After expanding the studio’s offering of movie rentals on Facebook, now comes word that the major is in talks to buy Flixster, one of the unsung gems of new media.

Update on Tuesday: An individual with knowledge of the deal said that talks were ongoing but that it was "not a done deal."

The site, with 20 million registered users, is one of the most popular movie social media sites with the tagline: “Watch movies. Tell friends.” Genius.

The incipient purchase, first reported on Monday by AllThingsD, is being driven by the new co-president Kevin Tsujihara and Warner’s digital chief Thomas Gewecke (pictured below).

   Writes Kara Swisher: “Warner Bros. appears to be the frontrunner in various talks to buy the entertainment site, while Internet giant Yahoo has dropped out due to price concerns.”

Swisher reports that the debated price has varied between $60 to $90 million.

WaxWord thinks this is an exciting idea; we’ve been militating for a Hollywood studio to make a major move into the new media space. And who’da thunk that the hidebound Warner Bros. – with its top-heavy structure and old media culture – would be the ones to make a bold move? (Though a: the deal is not done and b: it’s still not nearly as daring as buying Netflix would be.)

Read also: Calling Netflix or Huffpo: After 2010, Hollywood Needs a Gamechanger

Gewecke is the guy who has been driving the studio’s foray into social media on Facebook, having advocated for the rental experiment over Facebook. That went well enough with “The Dark Knight” at $3 a pop for the studio to expand the offering into other major titles, including the “Harry Potter” series.

What does he have in mind with Flixster? If nothing else, it’s a new, vast pool of movie-lovers to whom he can sell/rent/promote Warner’s vast, and increasingly underused library.

Tsujihara, meanwhile, is the executive who has presided over the debilitating decline in home entertainment revenue.
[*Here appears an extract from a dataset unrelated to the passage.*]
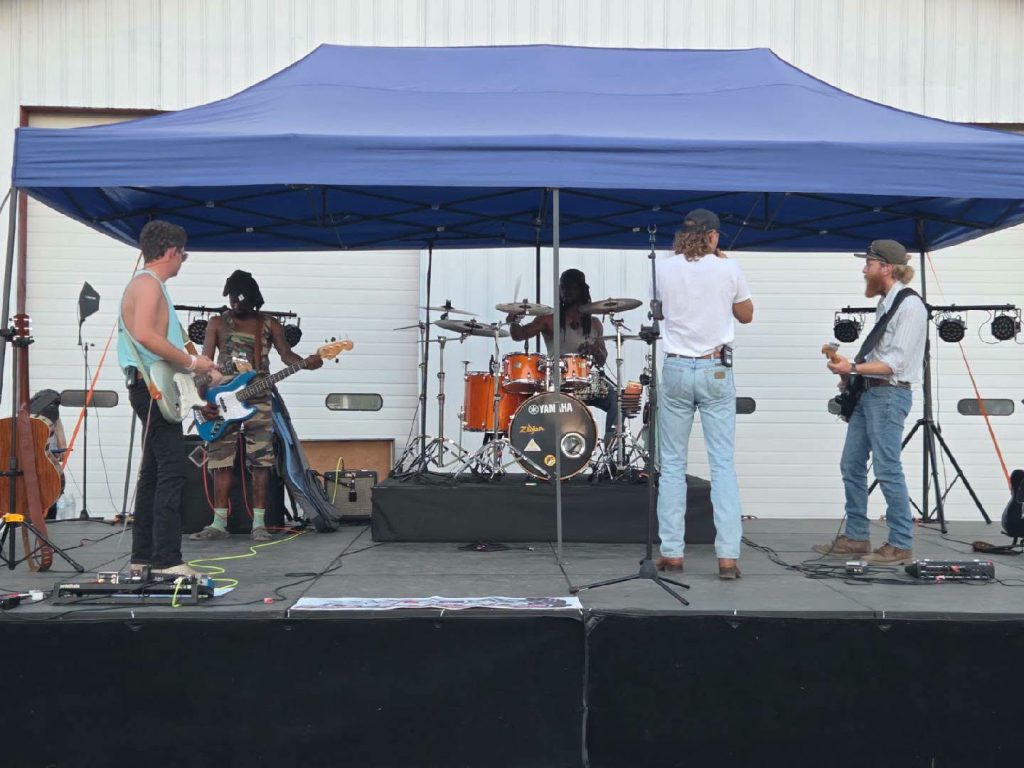 Five musicians perform on an outdoor stage under a blue canopy, featuring electric guitars, a bass, and a drum set, with amplifiers and stage equipment visible.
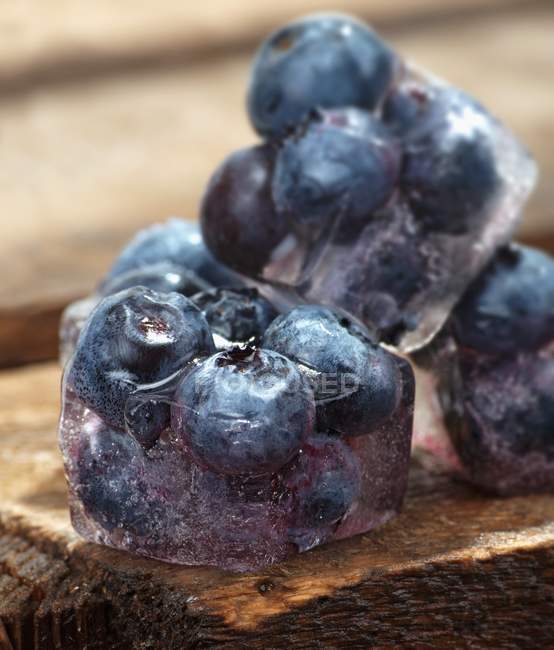 Ice cubes with blueberries — Stock Photo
The declines have been double-digit every year for the past few, and the decision to move into social media is most certainly fuelled by the panic over the declining DVD dollars.

For some time, Warner has been trying to develop technology that would put the movie genie back in the streaming bottle by creating products that would allow customers to download movies to a hard drive and keep them, library-style.

The foray into Facebook – charging users $4 in Facebook credits for more recent titles – suggests a recognition that streaming is a platform that is here to stay.

Meanwhile, the purchase of Flixster – which recently bought Rotten Tomatoes, the leading aggregator of movie criticism – would give Warner Bros. access to an audience of more than 20 million registered users as it seeks new ways to promote and distribute its movies online.

Flixster was founded in 2006 by Joe Greenstein.